BEGIN SUPPLIED INFORMATION
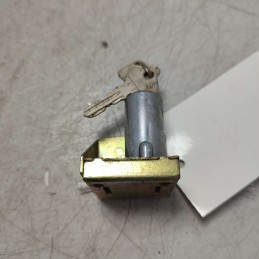 Blocchetto chiave portiera ant sx Fiat 639 N3 643 N 645N 650N 662N 682N 690 693N 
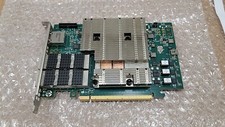 NVIDIA BlueField-2 Ethernet DPU200GbE Model number:BF2M515A picture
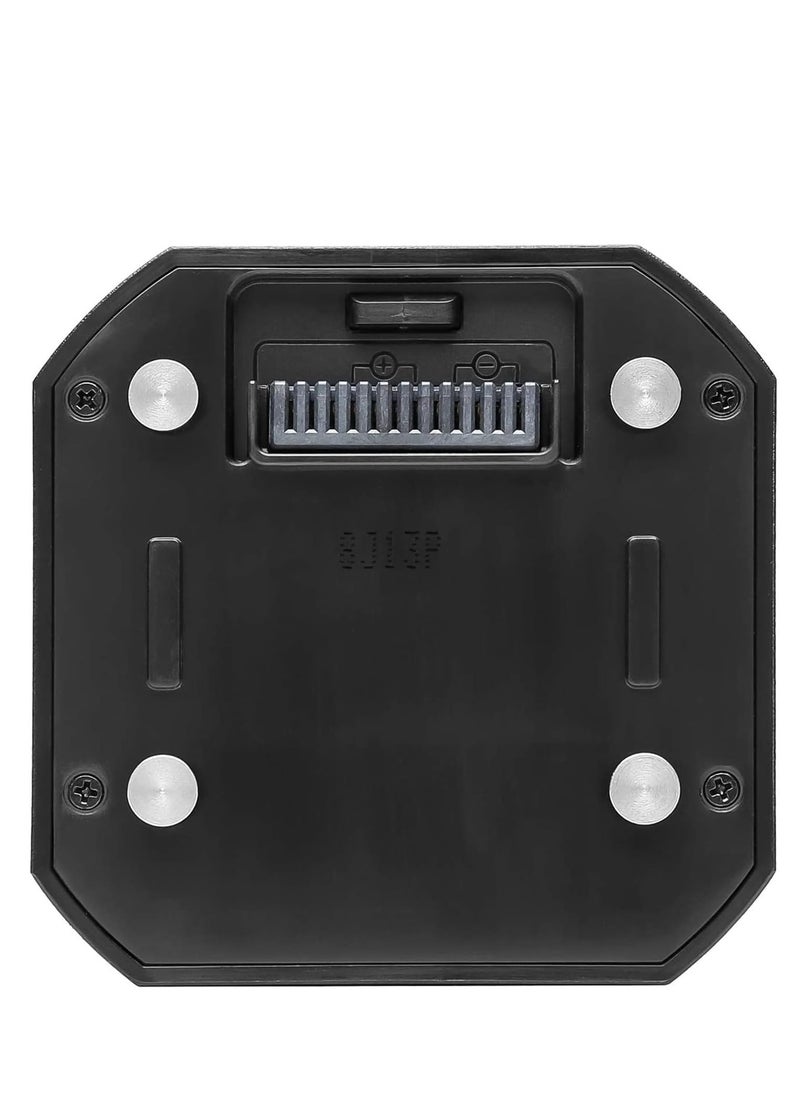 Godox - GODOX AD400Pro Battery Replacement WB400P for Flash AD400 Pro, Lithium Battery with DC 21.6V/2600mAh & 390 Times Full-Power Flashes WB400P - Image 1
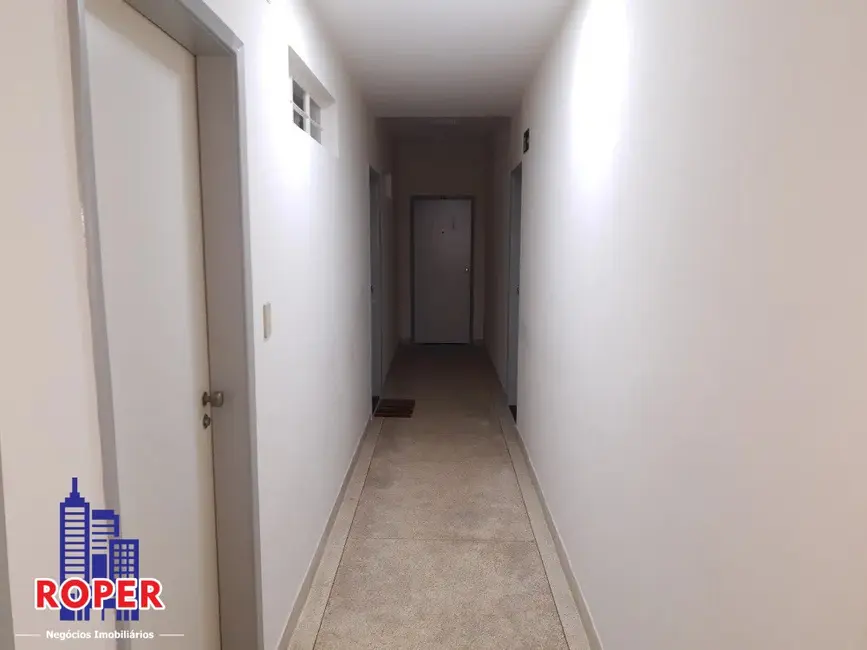 Foto 5 de Sala Comercial à venda, 42m2 em Centro, Sao Caetano Do Sul - SP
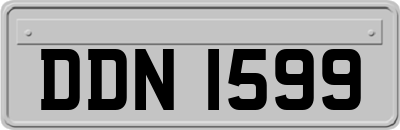 DDN1599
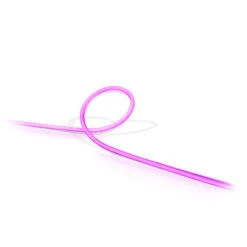 Philips Hue Lightstrip Outdoor 2m White & Color -Eleganter Beleuchtungsladen 7534187 6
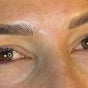Symmetry Bespoke Beauty
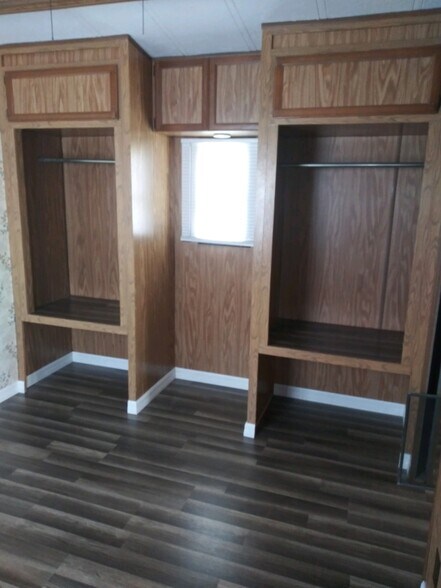 More Photos Of 2202 Shirah Rd, Auburndale Multifamily For Sale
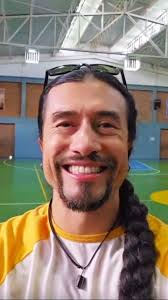 Ejercicio performatico en Querétaro justo en Cecriticc UAQ con el  @labcuerpomx y mi gran amigo John Martin Cordero Peralta , gracias por esta  poetica imagen Abraham Trejo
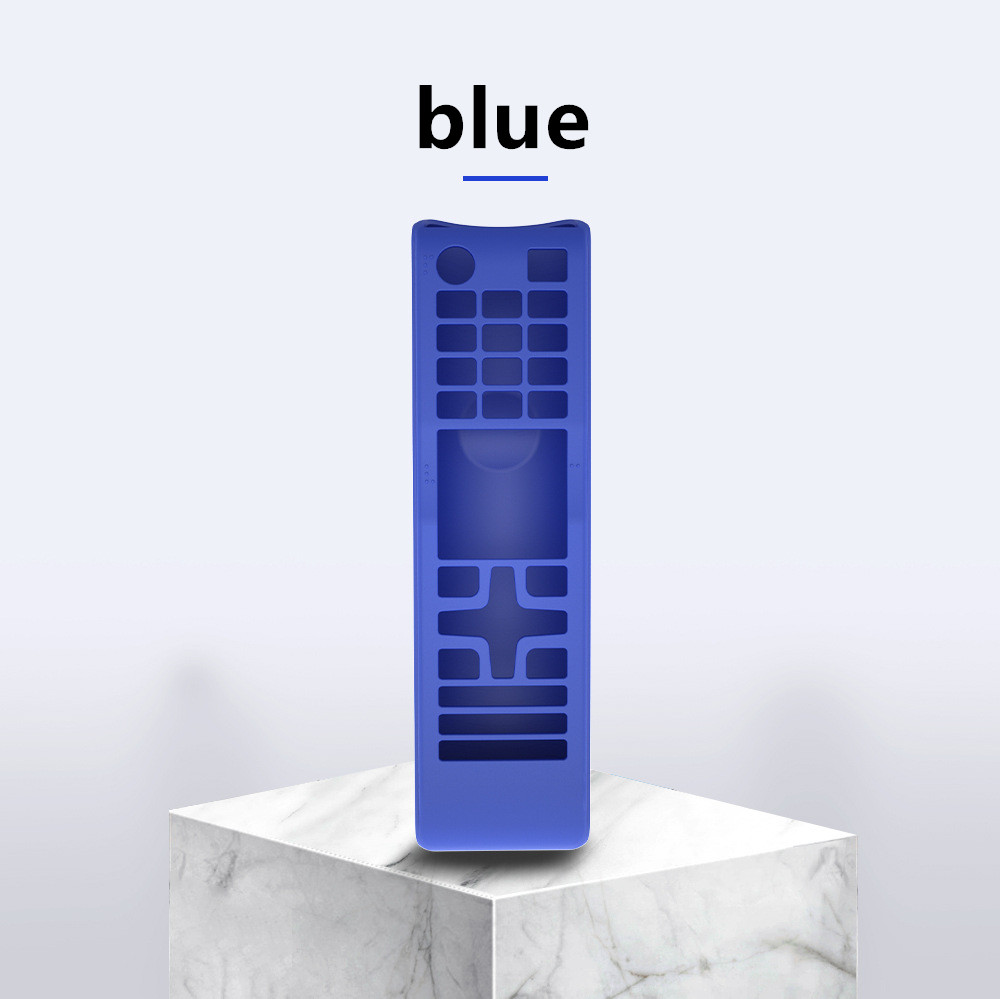 Blu
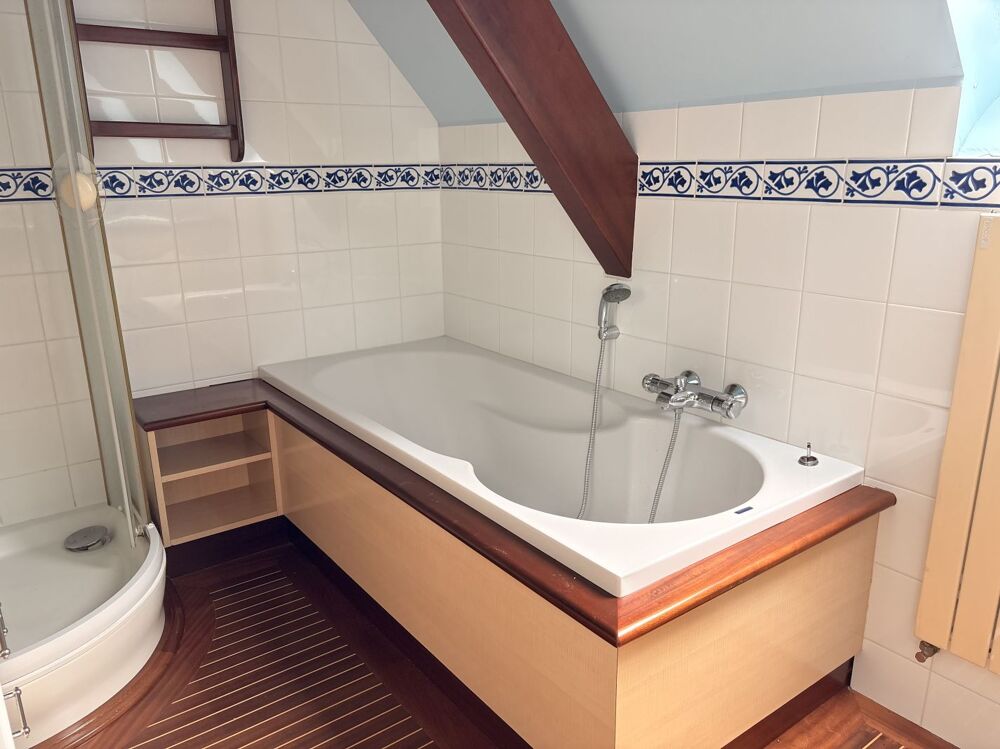 à vendre  Maison Perros-Guirec (22700)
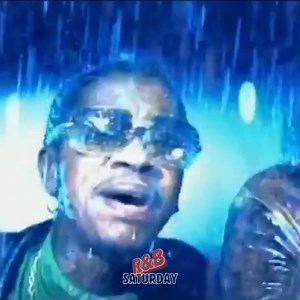 K-Ci & JoJo - Crazy R&B Saturday Edition @retrospect90s00s _ #videooftheday #00smusic #00srnb #throwbackmusic #nostalgia #nostalgic #flashback #early2000s #early2000smusic #goodmusic #beyonce #realrnb #rnbmusic #oldschoolmusic #throwback #rnbjunkie | Retrospect 90s 00s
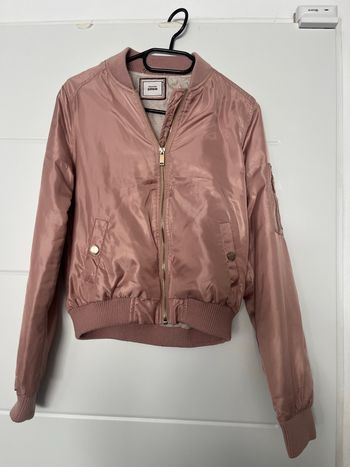 Blouson style bombers Pimkie 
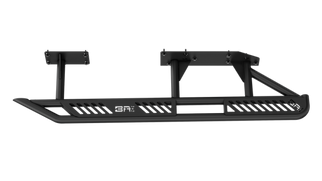 Body Armor 4x4 10-24 Toyota 4Runner Revo Rock Sliders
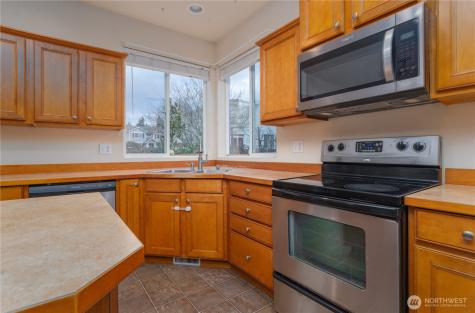 4729 Okanogan Drive SE Port Orchard WA 98366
END SUPPLIED INFORMATION
• _TASK DIRECTIONS_: When you copy the data, keep every line exact and drop the pictures.

• _RESPONSE FOR THIS EXERCISE_:
 Blocchetto chiave portiera ant sx Fiat 639 N3 643 N 645N 650N 662N 682N 690 693N 
 NVIDIA BlueField-2 Ethernet DPU200GbE Model number:BF2M515A picture
 Godox - GODOX AD400Pro Battery Replacement WB400P for Flash AD400 Pro, Lithium Battery with DC 21.6V/2600mAh & 390 Times Full-Power Flashes WB400P - Image 1
 Foto 5 de Sala Comercial à venda, 42m2 em Centro, Sao Caetano Do Sul - SP
 DDN1599
 Philips Hue Lightstrip Outdoor 2m White & Color -Eleganter Beleuchtungsladen 7534187 6
Symmetry Bespoke Beauty
 More Photos Of 2202 Shirah Rd, Auburndale Multifamily For Sale
 Ejercicio performatico en Querétaro justo en Cecriticc UAQ con el  @labcuerpomx y mi gran amigo John Martin Cordero Peralta , gracias por esta  poetica imagen Abraham Trejo
 Blu
 à vendre  Maison Perros-Guirec (22700)
 K-Ci & JoJo - Crazy R&B Saturday Edition @retrospect90s00s _ #videooftheday #00smusic #00srnb #throwbackmusic #nostalgia #nostalgic #flashback #early2000s #early2000smusic #goodmusic #beyonce #realrnb #rnbmusic #oldschoolmusic #throwback #rnbjunkie | Retrospect 90s 00s
 Blouson style bombers Pimkie 
 Body Armor 4x4 10-24 Toyota 4Runner Revo Rock Sliders
 4729 Okanogan Drive SE Port Orchard WA 98366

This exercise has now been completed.